To improve the cavity holding capacity, Haddadi et al.⁵⁶ systematically investigated the effects of Re and cavity aspect ratios (α = L_C/W_C) on the $N_{P}$ . It can be found that both the peak value of $N_{P}$ and optimal Re increase with increasing the cavity length [Fig. 14(b)]. As the cavity width increases, the peak value of N_p increases without an obvious change in the optimal Re [Fig. 14(c)]. After optimization, the maximum value of N_p in a pair of cavities is about 40–150. Moreover, the authors also observed that N_p decreases at Re > 200 in Fig. 14(c) and attributed this phenomenon to the interactions between particles.

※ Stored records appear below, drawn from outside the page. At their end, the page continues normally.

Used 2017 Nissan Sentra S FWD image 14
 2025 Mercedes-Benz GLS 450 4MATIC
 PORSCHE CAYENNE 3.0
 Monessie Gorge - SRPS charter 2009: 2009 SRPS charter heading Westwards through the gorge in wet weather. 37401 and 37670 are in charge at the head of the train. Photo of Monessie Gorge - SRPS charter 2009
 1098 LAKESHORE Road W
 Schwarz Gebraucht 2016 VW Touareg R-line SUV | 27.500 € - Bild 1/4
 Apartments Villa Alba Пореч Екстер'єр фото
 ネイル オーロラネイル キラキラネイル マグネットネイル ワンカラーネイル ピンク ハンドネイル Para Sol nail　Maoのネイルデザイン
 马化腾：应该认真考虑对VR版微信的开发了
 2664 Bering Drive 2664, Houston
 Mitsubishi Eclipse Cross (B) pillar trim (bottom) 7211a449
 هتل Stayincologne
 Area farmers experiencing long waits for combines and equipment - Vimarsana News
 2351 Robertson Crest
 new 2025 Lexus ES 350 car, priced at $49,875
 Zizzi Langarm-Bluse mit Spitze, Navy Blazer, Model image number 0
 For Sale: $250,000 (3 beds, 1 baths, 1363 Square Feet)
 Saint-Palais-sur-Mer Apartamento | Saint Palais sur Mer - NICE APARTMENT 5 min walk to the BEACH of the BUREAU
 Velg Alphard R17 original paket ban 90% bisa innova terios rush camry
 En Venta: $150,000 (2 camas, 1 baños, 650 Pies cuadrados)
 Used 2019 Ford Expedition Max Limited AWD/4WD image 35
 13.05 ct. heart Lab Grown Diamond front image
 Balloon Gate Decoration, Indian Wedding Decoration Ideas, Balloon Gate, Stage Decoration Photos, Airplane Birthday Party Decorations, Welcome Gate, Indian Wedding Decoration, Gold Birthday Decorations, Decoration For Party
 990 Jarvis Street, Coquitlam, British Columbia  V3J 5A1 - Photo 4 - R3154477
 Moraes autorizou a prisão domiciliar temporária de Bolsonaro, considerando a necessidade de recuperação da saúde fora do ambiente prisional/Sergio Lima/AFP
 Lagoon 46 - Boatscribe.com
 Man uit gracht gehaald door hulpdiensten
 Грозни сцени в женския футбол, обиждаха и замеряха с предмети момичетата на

Notably, most of the prior researchers used rectangular cavities. Recently, Shen et al.⁵⁷ proposed a round cavity for particle sorting. The calculated N_p in round and rectangular cavities increase from N₁ = 59 and N₂ = 35 at Re = 316 to N₁ = 86 and N₂ = 42 at Re = 366 and then decreases to N₁ = 50 and N₂ = 32 at Re = 433 [Fig. 14(d)]. The curves of the N_p–Re in the two cavities in Fig 14(e) first rise as $R e$ increases from 267 to 366 and then decrease as Re increases to 467. The results show that the holding capacity in the round is much higher than that of the rectangular cavity. Moreover, the particle concentration, $C_{p} = N_{p} / A_{c}$ , in the round cavity is also higher than that in the rectangular cavity under the same working conditions, indicating that the round cavity has a better sorting performance than the rectangular cavity. The authors attributed the significantly increased number of particles contained in the round cavity to the similarity of the arc-shaped cavity wall to the particle trajectory morphologies. However, because the particle–particle, particle–fluid, and particle–wall interactions are very complex, further studies are needed to explore the round cavity holding mechanism. Although some efforts have been devoted to improving the cavity holding capacity, until now the background mechanism has not been investigated as a separate problem, which is a relatively new problem in fluid mechanics.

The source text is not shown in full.